====== Stored data

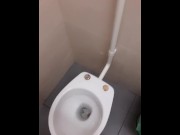 Preview 1 of A young chav guy pisses in a public toilet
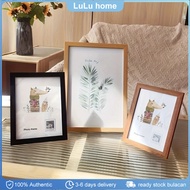 4R/5R Wooden Picture Frame Photo Frame Stand Wall Hanging Picture Holder Desktop DIY Decoration
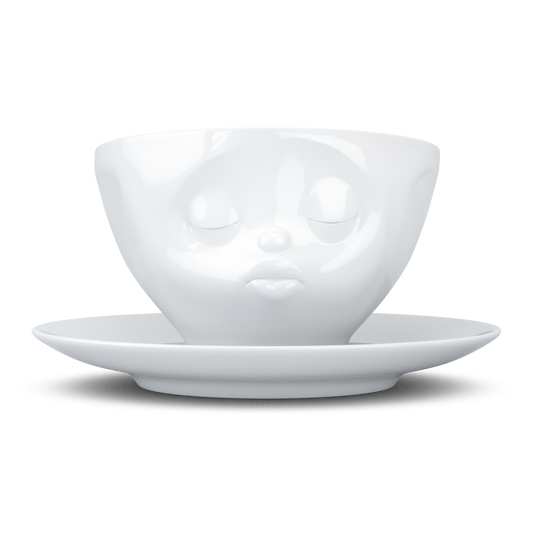 Kissing White Coffee Cup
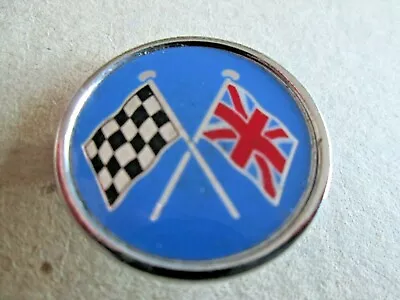 Vintage Motorbike Chequered Flag & Muscle Machine Badges Genuine Not A Repo (63) • £15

============

I need the lines from the line holding "Kissing White Coffee Cup" through the end of the material, inclusive, restated word for word and without pictures.

* _Exercise answer_:
 Kissing White Coffee Cup
 Vintage Motorbike Chequered Flag & Muscle Machine Badges Genuine Not A Repo (63) • £15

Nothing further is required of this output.